━━ Data excerpt
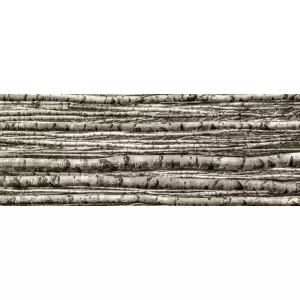 Tubądzin Dekor ścienny szklany 4-elementowy Birch 239,8x89,8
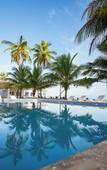 Туры в отель The Palm Bay Club Lodge Туры в отель The Palm Bay Club Lodge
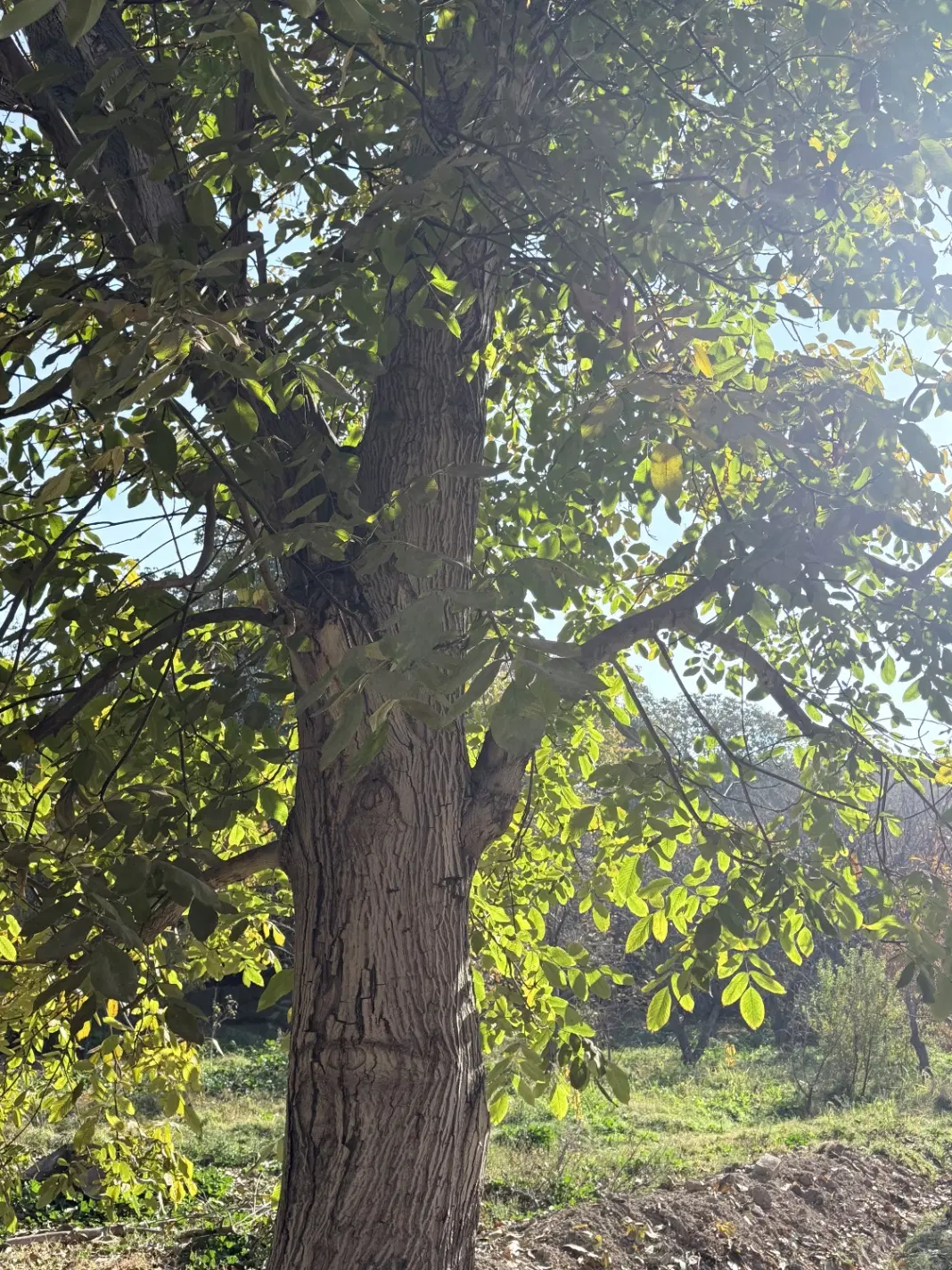 چمن۳ مهرشهر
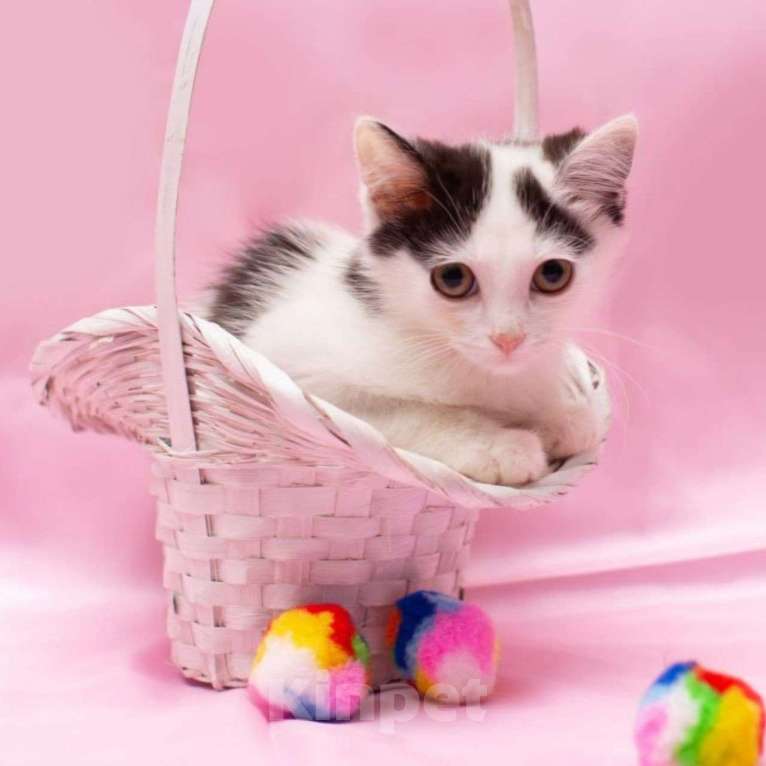 Кошки в Москве: Самый маленький и обаятельный котенок в поисках своей семьи! Мальчик, Бесплатно - фото 3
━━━━
■ What you have to do: Starting at the line that contains "چمن۳ مهرشهر", retype each line through the end of the data exactly, and leave out every picture.

■ Answer:
 چمن۳ مهرشهر
 Кошки в Москве: Самый маленький и обаятельный котенок в поисках своей семьи! Мальчик, Бесплатно - фото 3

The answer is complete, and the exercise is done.